Regional and world leaders honour Sultan Qaboos and his diplomatic legacy
LONDON - Royalty, heads of states and high-ranking government officials flocked to Muscat to pay respects to Sultan Qaboos bin Said Al Said and show support for Sultan Haitham bin Tariq Al Said, Oman’s first new leader in almost 50 years.
The death of Sultan Qaboos on January 10 at the age of 79 was considered a regional watershed. Besides his distinction of being the longest-serving Arab leader, the late sultan’s policies of diplomacy first and neutrality in conflicts gave Oman a prime role in mediations.

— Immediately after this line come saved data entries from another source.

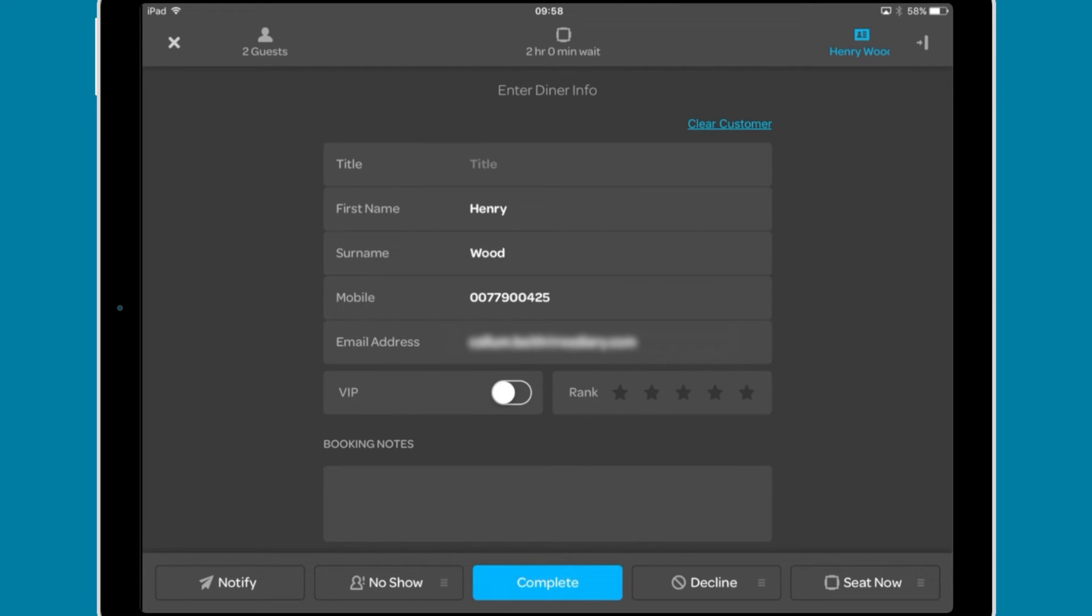Complete updates any details you have changed. This will not send a notification to the party. So if you do make a change to the time that the table will be available, make sure to send a notification to inform the party of this.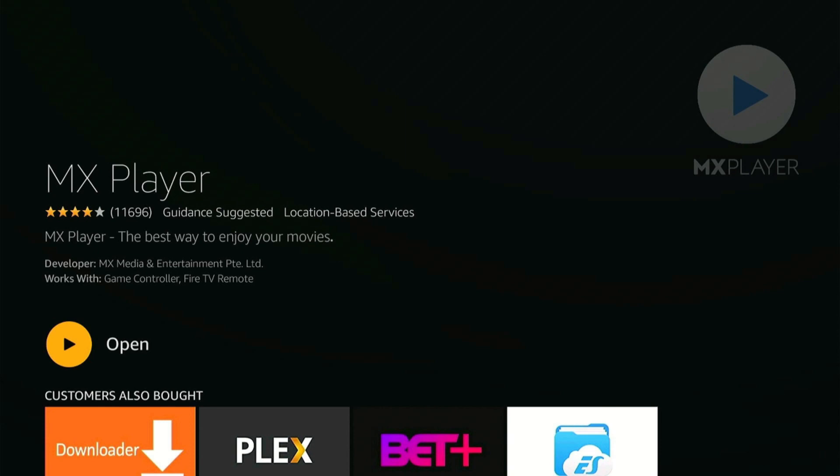You may still get some information floating around trying to tell you to download the modified version, the modified Pro version. But the Pro version isn't needed at all, so there's no reason to sideload this app at all.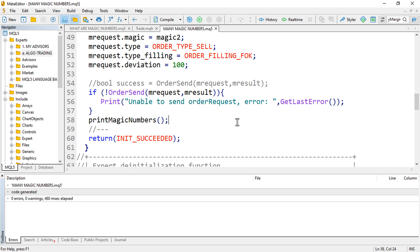That is how you can assign different magic numbers to your expert advisor in MQL5. I hope this video was insightful or useful to you. If so, please press the like, subscribe, and share buttons — it motivates me to keep producing these videos. Bye-bye, and happy trading till the next video.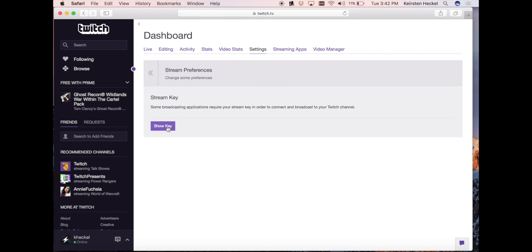However, it's important to note that you should never share this key with anyone, as access to this key will allow anyone to stream on your channel without your permission. You can reset this key at any point if you feel like someone has been streaming on your channel without your permission.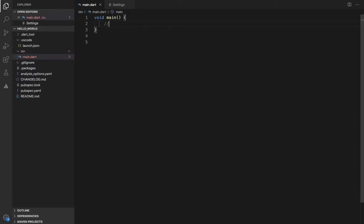We will create abstract classes and abstract methods.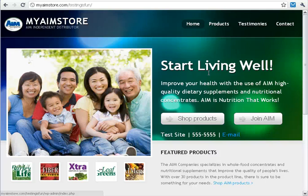Welcome to this MyAimStore video tutorial on how to add your testimony. My name is Kevin, and I'll be walking you through.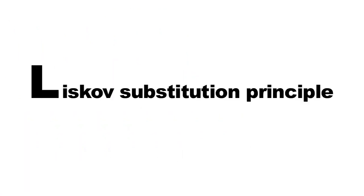Let's continue our discussion of the solid principles. Today you will look at the L in solid, the Liskov Substitution Principle.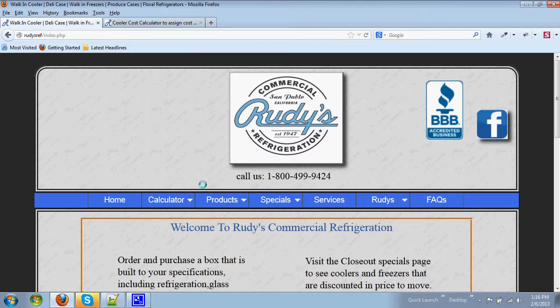Rudy's Refrigeration provides a cost calculator in order to get a quote for a custom-built cooler or freezer with or without options.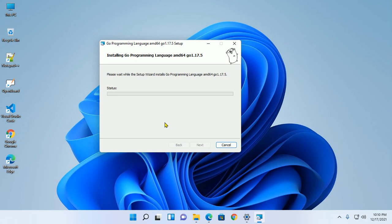Allow this app to make changes to your device, so click on Yes. And this will take a while.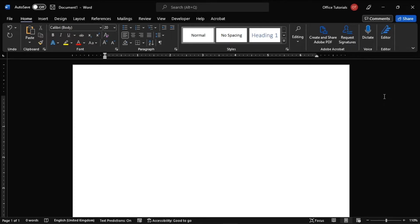So, if you want to learn more about this feature in Microsoft Word, we will show you how to use it in these simple steps in this video tutorial.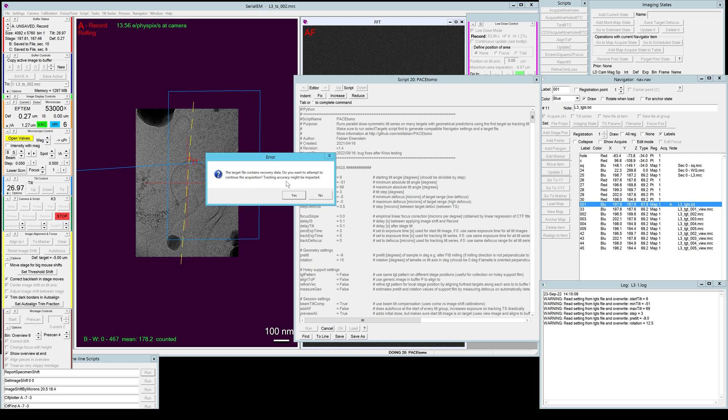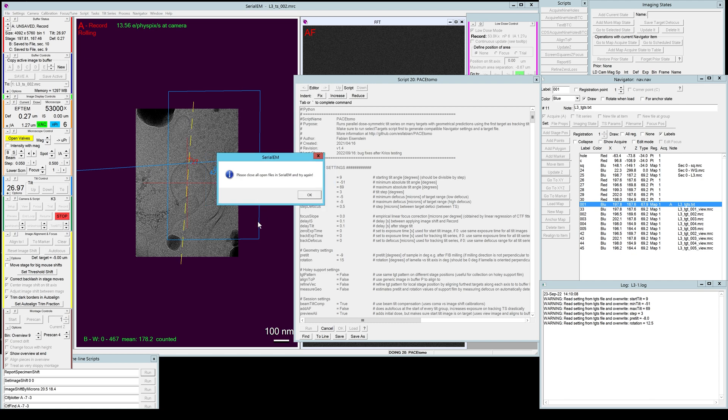So that is true. There might be a small penalty in tracking accuracy. But if you did not move the stage between stopping and continuing, it's usually not bad. And even if you move the stage, the errors are maybe a bit worse for the first couple of tilt images, but then lock in quite nicely again. Either way, it's nice to have the option, let's say if the run crashes for another reason, for example.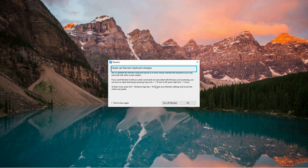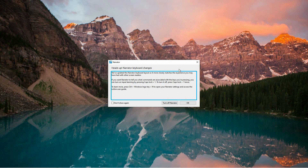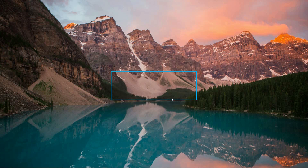However, if you've accidentally activated it or no longer need it, disabling it is simple. Once the Narrator window is open, find the option labeled Turn Off Narrator or something similar and click it. This will immediately stop the application from running and your computer will resume normal operation without the voice feedback.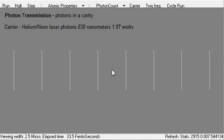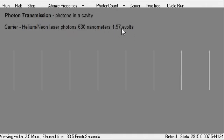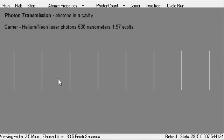This is a video of a single 630 nanometer wavelength photon, 1.97 volts of energy, bouncing back and forth in a small cavity which is 2.5 micrometers wide, a total of four wavelengths wide.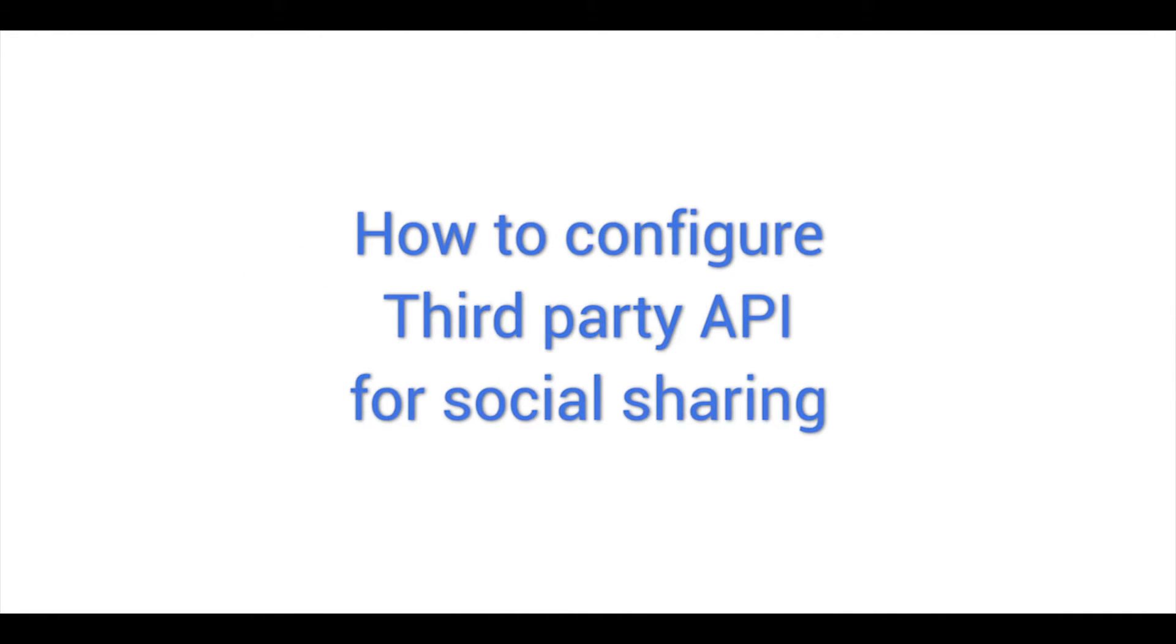Welcome to the demo video series for Configure IT. Unleash the hassle-free way to build bug-free mobile apps in the quickest possible turnaround time. In this video, we will view how to configure third-party API for social sharing.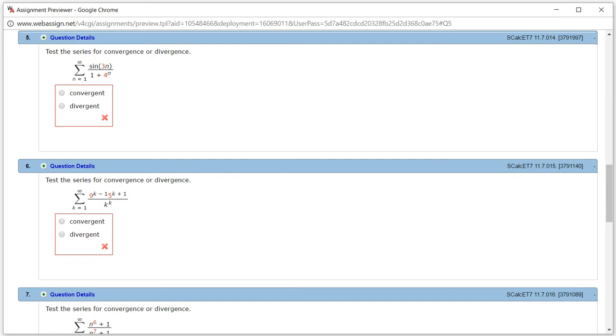All right, let's look at the homework 11.7, problem number 5.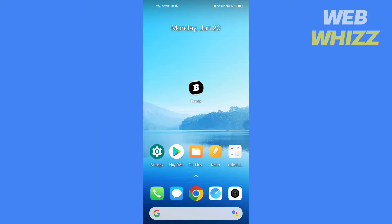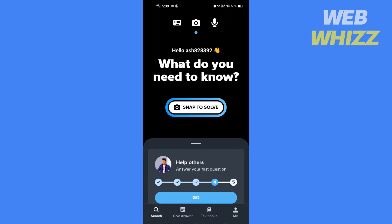How to delete questions on Brainly. Hello and welcome to our channel. In this video I'm going to show you the correct way to delete questions on Brainly, so please watch till the end to properly understand the tutorial.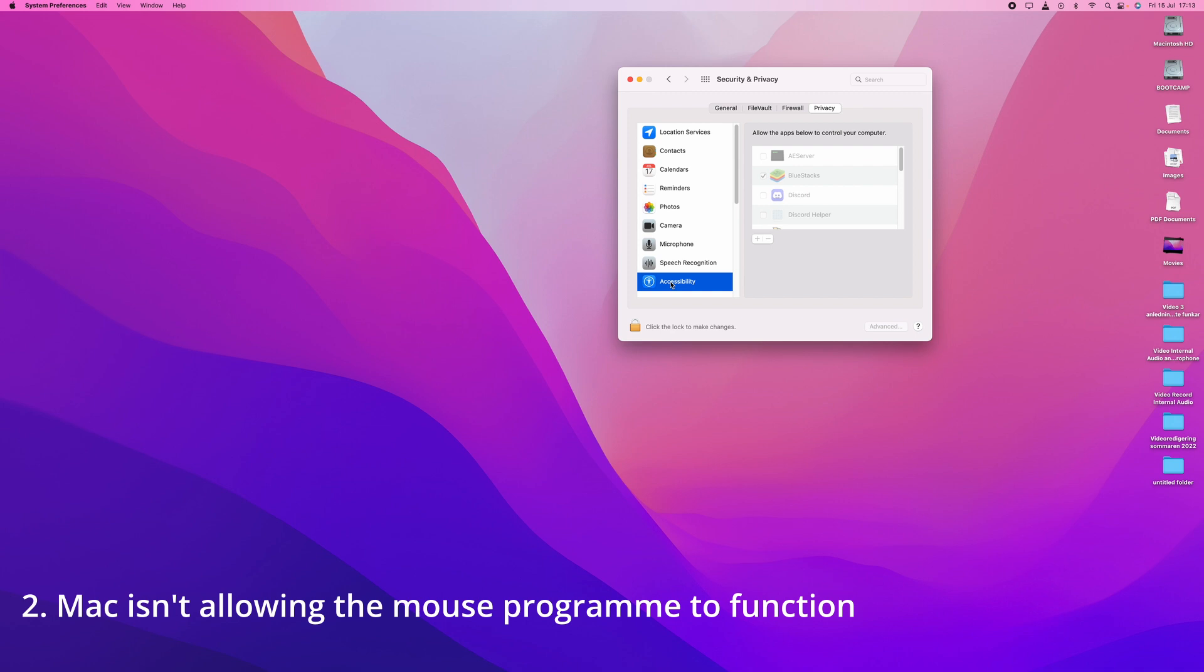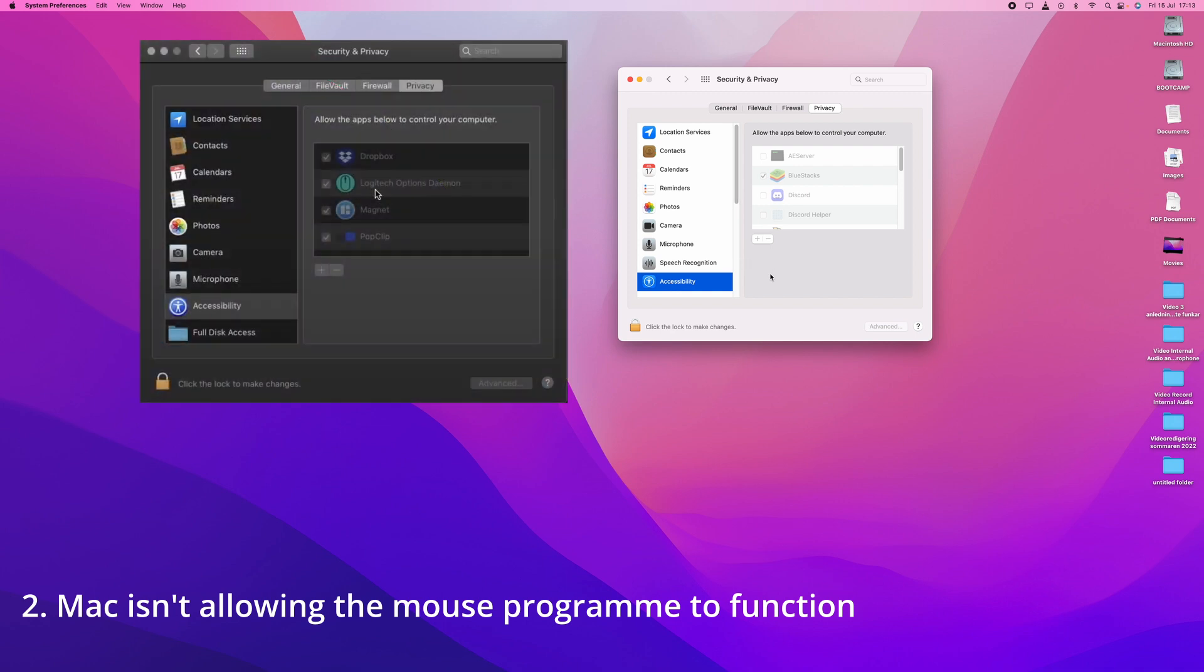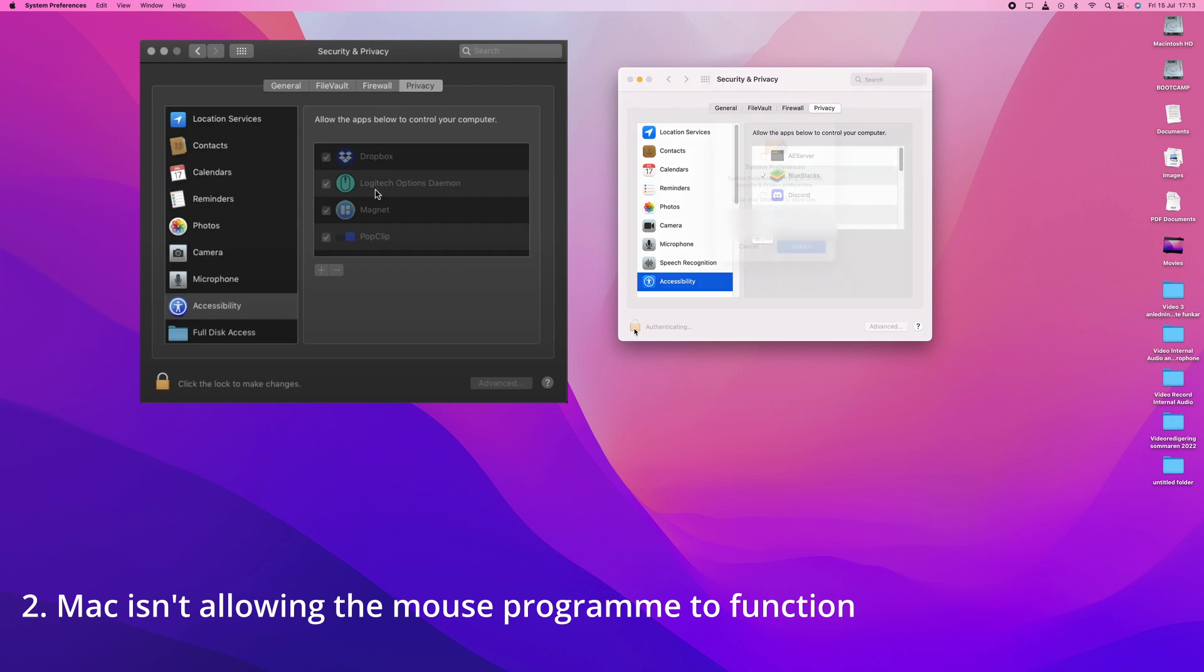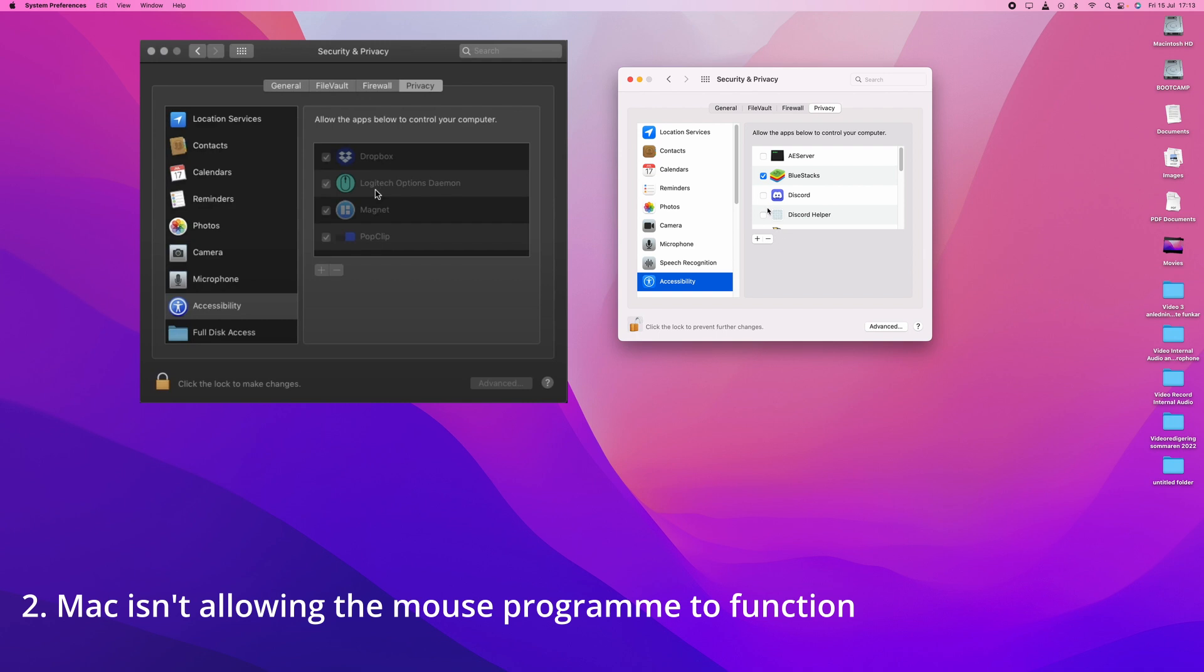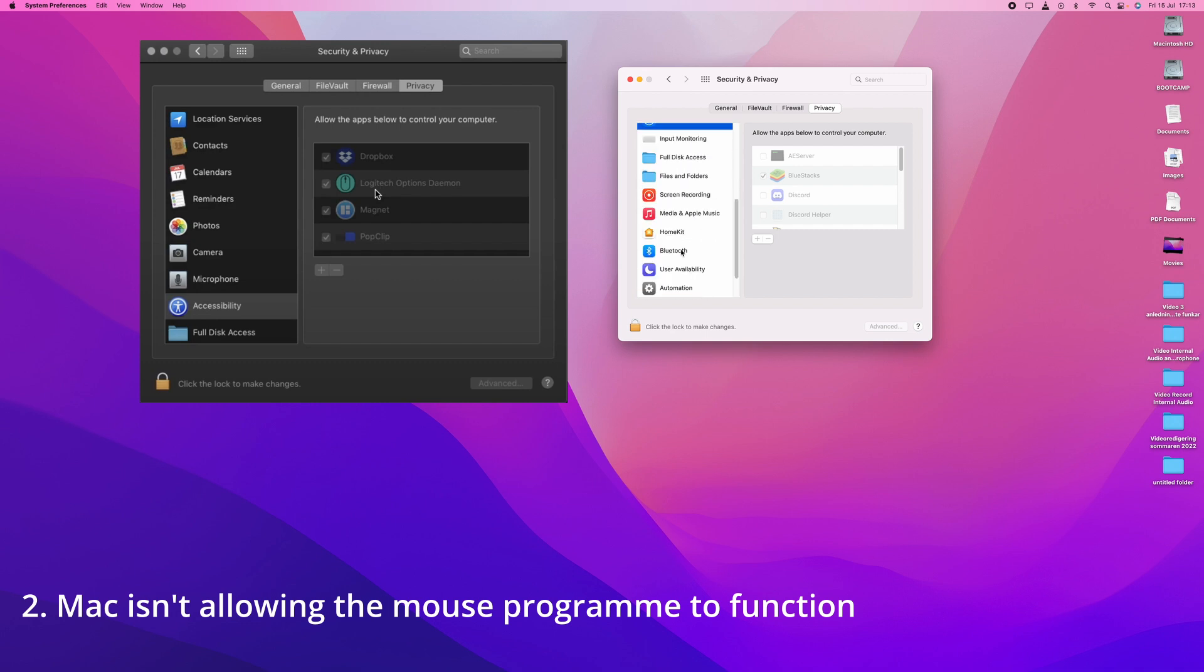Here I don't have a Logitech mouse so I will show what it should look like on the left. You will see Logitech Options Daemon. If that isn't selected then you have to press the Lock, write in your password. I don't have a password so I just press Unlock and then select it. I will show how you select. When you are done with that then you just press the Lock again. After doing this then your scroll wheel and your side buttons should work just fine.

Shortly after the Omani Royal Court’s announcement of Sultan Qaboos’s death, Saudi King Salman bin Abdulaziz Al Saud and Crown Prince Mohammed bin Salman bin Abdulaziz expressed “sincere condolences and sympathy to the royal family and people of the Sultanate of Oman as well as to the Arab and Islamic nations over the death of Sultan Qaboos.”
President of the United Arab Emirates Sheikh Khalifa bin Zayed al-Nahyan “commended the late sultan for being dedicated to the service of his people and nation and his work on bolstering cohesion of the Arab nation, ” a statement from WAM, the UAE state news agency, said.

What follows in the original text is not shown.